Интерес к истории российско-осетинских отношений не ослабевает уже много лет. События августа 2008 г. лишь обострили внимание к историческим сюжетам XVIII в. Заинтересованное обсуждение будет продолжаться: порукой тому политическая актуальность судеб современной Осетии. К тому же на нынешний год приходится памятная дата – 260-летие установления наших отношений с Россией. Осетинское посольство отправилось в Петербург в 1749 г. и работало там до 1752 г., обсуждая с правительством России концепцию русско-осетинского союза и будущего присоединения.
Признание Республики Южная Осетия и установление дипломатических отношений с Российской Федерацией наполняет события XVIII в. особым значением. В свою очередь, яркая история предков сообщает дополнительную глубину и осмысленность деяниям наших современников.
Самое время оглянуться на прошлое, напомнить известные факты и прояснить обстоятельства, которые помогают правильно понять исторический выбор, сделанный осетинским народом почти три столетия назад.
В средневековом мире осетины были известны под именами «аланы» (на Западе), «асы» (на Востоке), «ясы» (в Восточной Европе), «осы» (в Закавказье).
Средневековое Аланское государство описано в восточных, византийских, западноевропейских и кавказских хрониках.
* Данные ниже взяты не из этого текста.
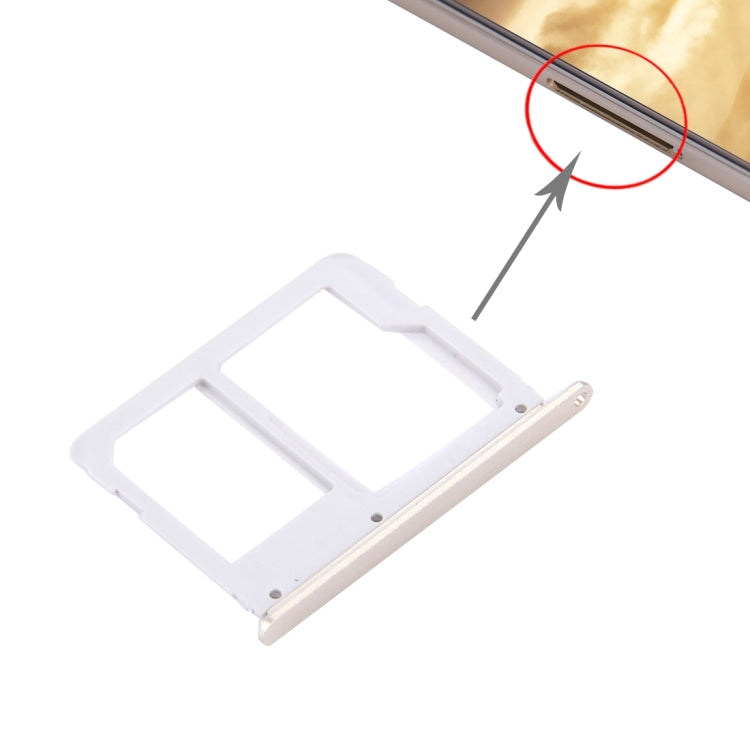 For Galaxy C7 / C7000 SIM Card Tray + Micro SD / SIM Card Tray, For C7 Gold, For C7 Grey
По свидетельству императора Константина Багрянородного, в византийском рейтинге государств Алания располагалась выше Хазарии и Киевской Руси. Царский дом состоял в тесных родственных связях с правителями многих стран. На аланках были женаты, например, братья и сыновья Юрия Долгорукого, ближайшие предки московской династии Рюриковичей.
Трагическая перемена судьбы ожидала Аланию в XIII-XIV вв.: монгольское завоевание и жестокие войны с Тимуром обернулись демографической катастрофой, разрушением государства, полной потерей равнинных земель. Чтобы представить масштабы постигшей Аланию катастрофы, достаточно вспомнить об утраченной аланской письменности, известной по надежным источникам с VI в. До наших дней дошли лишь несколько коротких текстов XI-XIV вв. Вместе с городами, придворными и церковными центрами грамотности исчезли профессиональные отрасли культурной деятельности, прервались широкие внешние связи.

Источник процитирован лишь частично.